## PROVIDED RECORDS

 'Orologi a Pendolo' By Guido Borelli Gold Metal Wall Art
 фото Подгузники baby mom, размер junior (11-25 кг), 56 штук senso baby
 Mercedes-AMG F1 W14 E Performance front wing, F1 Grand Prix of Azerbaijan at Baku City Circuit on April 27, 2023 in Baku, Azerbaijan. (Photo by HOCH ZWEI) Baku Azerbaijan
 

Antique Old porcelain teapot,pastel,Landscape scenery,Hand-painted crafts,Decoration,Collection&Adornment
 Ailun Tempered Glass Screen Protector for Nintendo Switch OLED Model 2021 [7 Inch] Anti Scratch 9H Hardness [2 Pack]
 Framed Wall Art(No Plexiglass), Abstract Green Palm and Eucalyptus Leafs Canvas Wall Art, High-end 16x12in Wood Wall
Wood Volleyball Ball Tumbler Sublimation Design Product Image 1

* * *

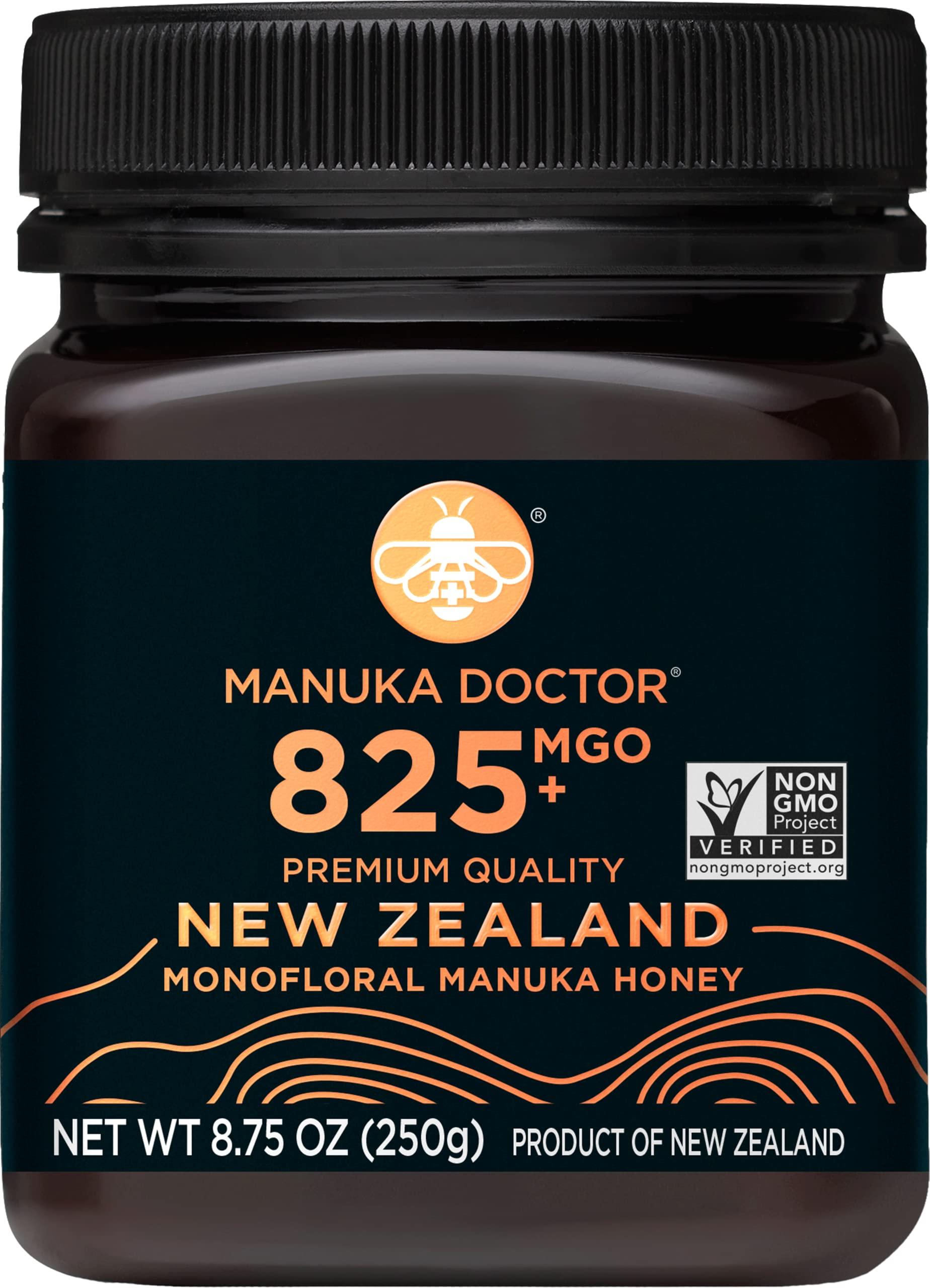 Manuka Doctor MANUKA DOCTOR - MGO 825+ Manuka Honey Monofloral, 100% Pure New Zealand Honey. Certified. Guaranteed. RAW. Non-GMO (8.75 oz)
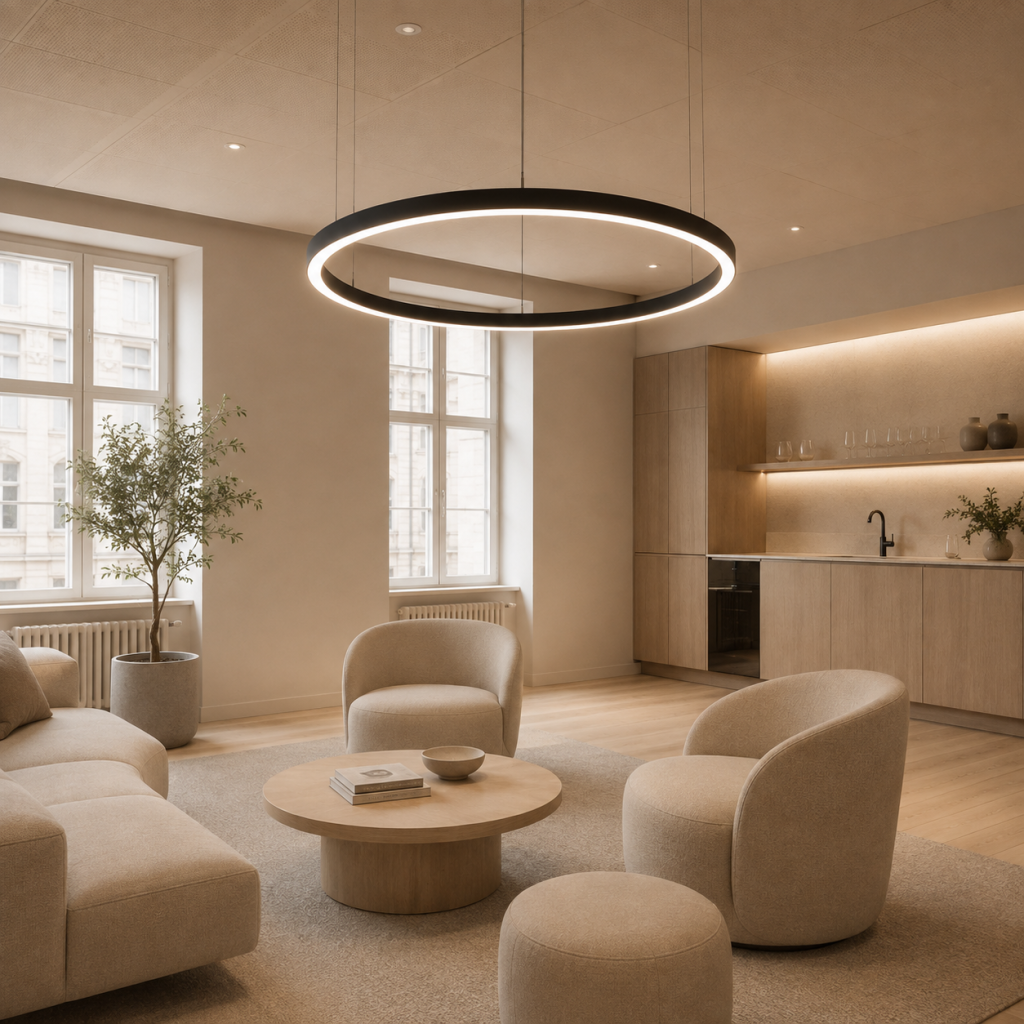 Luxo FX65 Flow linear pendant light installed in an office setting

...

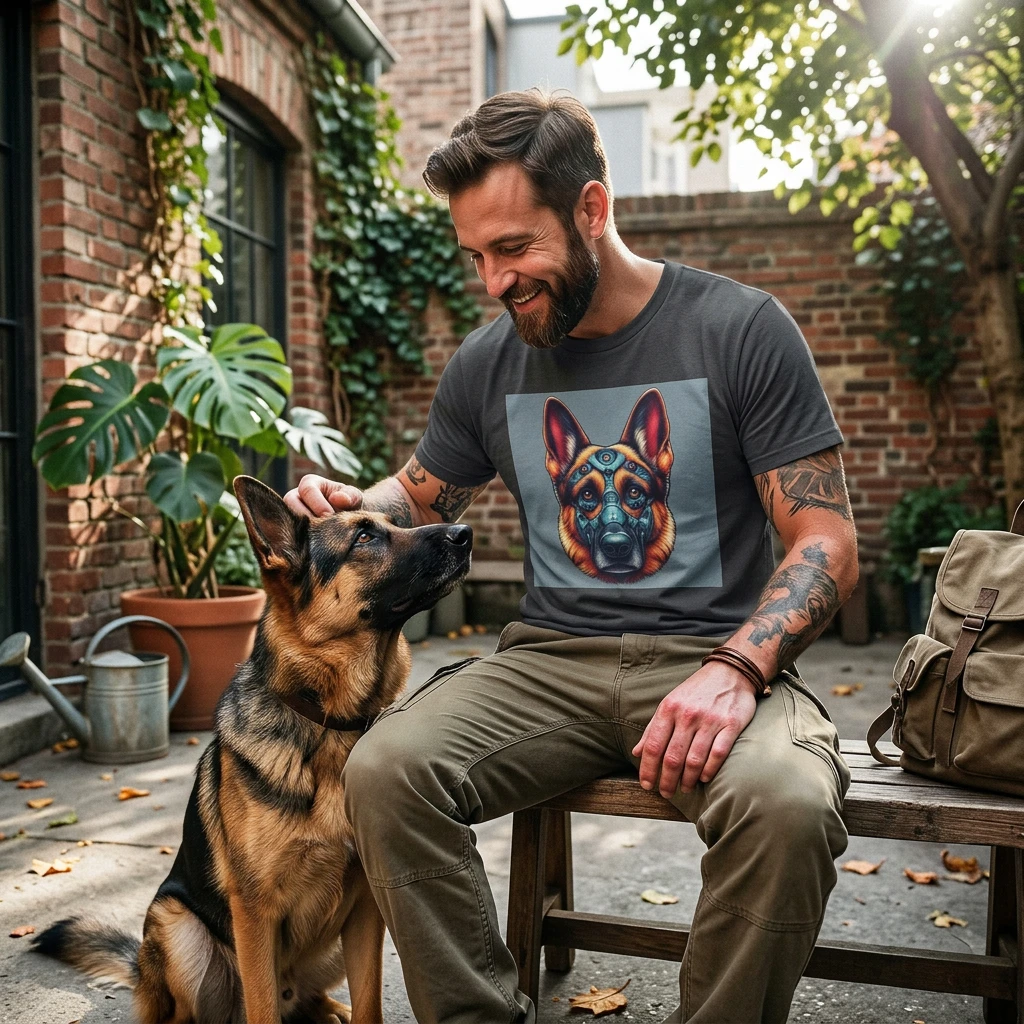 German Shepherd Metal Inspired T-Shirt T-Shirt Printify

## WHAT TO WORK ON
Using the data above, transcribe the lines that run from the line with "Metal Wall Art" to the line with "Wood Volleyball Ball", both ends kept, and output nothing else.

## SOLVED PROBLEM
 'Orologi a Pendolo' By Guido Borelli Gold Metal Wall Art
 фото Подгузники baby mom, размер junior (11-25 кг), 56 штук senso baby
 Mercedes-AMG F1 W14 E Performance front wing, F1 Grand Prix of Azerbaijan at Baku City Circuit on April 27, 2023 in Baku, Azerbaijan. (Photo by HOCH ZWEI) Baku Azerbaijan
 

Antique Old porcelain teapot,pastel,Landscape scenery,Hand-painted crafts,Decoration,Collection&Adornment
 Ailun Tempered Glass Screen Protector for Nintendo Switch OLED Model 2021 [7 Inch] Anti Scratch 9H Hardness [2 Pack]
 Framed Wall Art(No Plexiglass), Abstract Green Palm and Eucalyptus Leafs Canvas Wall Art, High-end 16x12in Wood Wall
Wood Volleyball Ball Tumbler Sublimation Design Product Image 1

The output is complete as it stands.